In preparation for our impending move out of California, I have been scanning many of my old files. I am making them digital so I can toss the papers I have been storing since the 1980’s. Today I scanned a front-page article from the Sacramento Union on the death of Bishop Gallegos. On the back was another article featuring the first American media report of a reactor fire in Chernobyl.

Also, in the stack I have a few assorted magazines that I saved because of featured articles on various facets of abortion and the life issue. After scanning one series of articles, I noticed another in the magazine on the subject of acid rain.

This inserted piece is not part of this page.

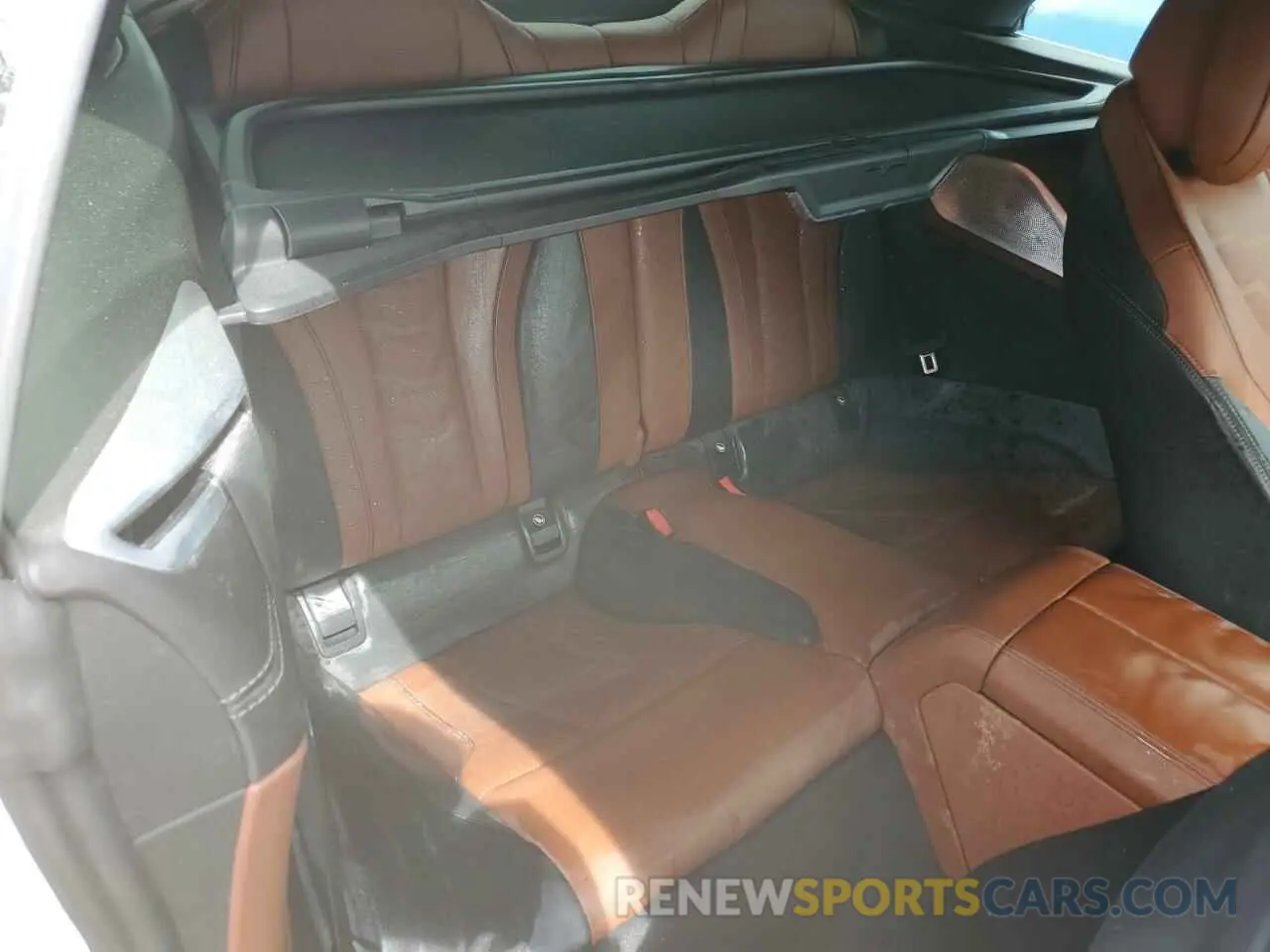 6 Photograph of a damaged car WBAFY4C55KBX38852 BMW M8 2019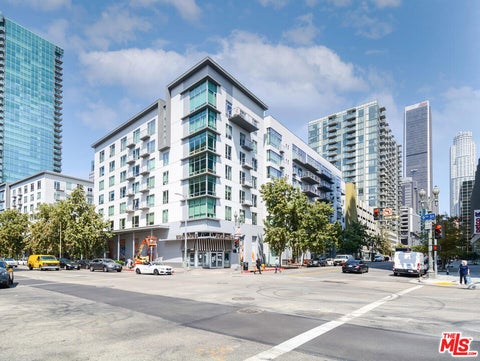 Photo of 645 W 9th Street #607, Los Angeles, CA 90015 (MLS # 26996733)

The context was this: Ten years into the acid rain scare, the US Government paid for a study on its affects. $500 million dollars and 28 volumes later, the study was promptly ignored. Surprise!

Why? The study disproved the pop culture narrative and as a result, it was ignored by both Democrats and Republicans.

The study’s conclusion: from 1850 to the present day, there was no change in pH of the lakes that they studied.

Last summer, the Public Broadcasting System (PBS) re-aired an interesting NOVA program on the natural recovery of the at Yellowstone National Park following the enormous 1988 fire.

NOVA pointed out that one of the benefits of this fire would be “to improve the aquatic habitat in lakes and streams for 100 years or more,” because it would decrease their acidity by anywhere from 20 percent to as much as 100 percent.

Within that scientifically correct statement is the key to one of the worst environmental boondoggles ever perpetrated, President Bush’s $140 billion acid rain program.

Summed up quickly: Forest fires raise alkalinity (reduce acidity) of soil, lakes, and streams by replacing acidic forest floor organic buildup with ash. That also releases the base cations (aluminum and calcium) from the soil so they can better neutralize naturally acidic rain (5.0 pH). Soil analyses show that clear-cutting of fir forests raises soil pH from 5 to 7 (lowering acidity), and slash-and-burn fires raise it from 4.95 to 7.60.

Conversely, unfettered forestation promotes the acidity of lakes and streams precisely because it builds up highly acid organic forest floors which tie down acid-neutralizing cations.

The study found that forest cycles change the pH of nearby bodies of water by creating temporary changes in pH but eventually the waterways return to a steady state level. In its entirety, this article debunks the whole idea of another mythical environmental catastrophe (acid rain).